How do I pick colors for a dark mode without rebuilding the whole palette?

Don't reuse light-mode colors. They're too saturated for dark backgrounds. Lower saturation by 15 to 25% and raise lightness by 10 to 20% on each color. The result is the muted dark mode palette most modern apps use. The other approach: design the dark palette first as the baseline and let the light palette derive from it. Either way, run every dark-mode pair through a contrast checker. Eyeballing dark-on-dark contrast is unreliable, especially for designers who've been staring at their screens for hours.

Why do my carefully-picked HEX values render slightly different in production than in Figma?

The browser is doing color-space interpretation that Figma doesn't have to. Figma renders in its own canvas at sRGB by default. Browsers render in whatever color profile the OS hands them.
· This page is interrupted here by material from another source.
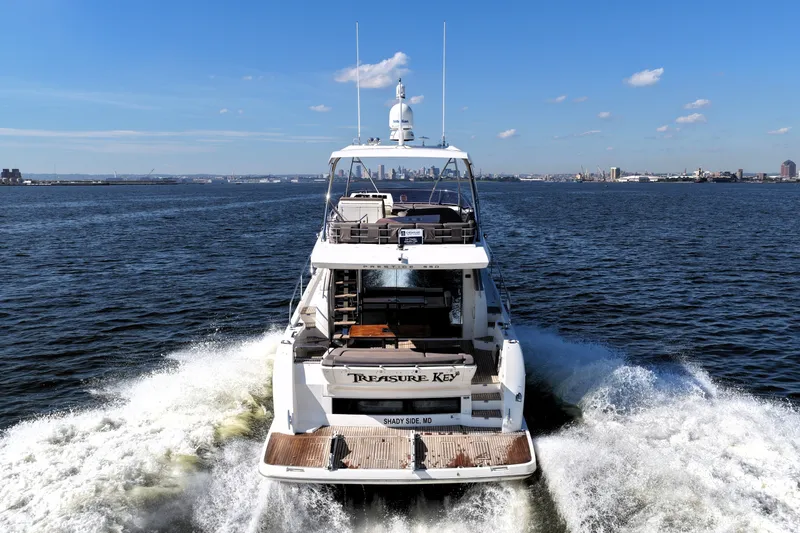 Slide: The Image of 2016 Prestige 550 yacht cruising on open water under a clear blue sky. - 9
On a wide-gamut display (P3 panels on recent Macs, most modern phones), the browser maps sRGB values to the wider gamut, often making colors look more saturated than the file specified. CSS `color-gamut: srgb` media queries and the newer `color()` syntax give you control, but most production CSS still leaves color management implicit. If precise cross-environment matching matters, declare sRGB explicitly.

Why does the same hex code look different in Figma vs my browser?

Color management. Figma assumes sRGB by default but can be configured for Display P3. Browsers render sRGB unless the page declares a wider color space via CSS color-gamut media queries or the `color()` function. Wide-gamut displays (Apple Pro Display, recent MacBook Pros) amplify the difference because they can show colors sRGB can't represent. If pixel-accurate cross-tool color matching matters, set both Figma and your browser's color profile to sRGB explicitly, and stay in HEX or RGB rather than HSL. HSL conversions can introduce 1-bit drift on saturation transitions.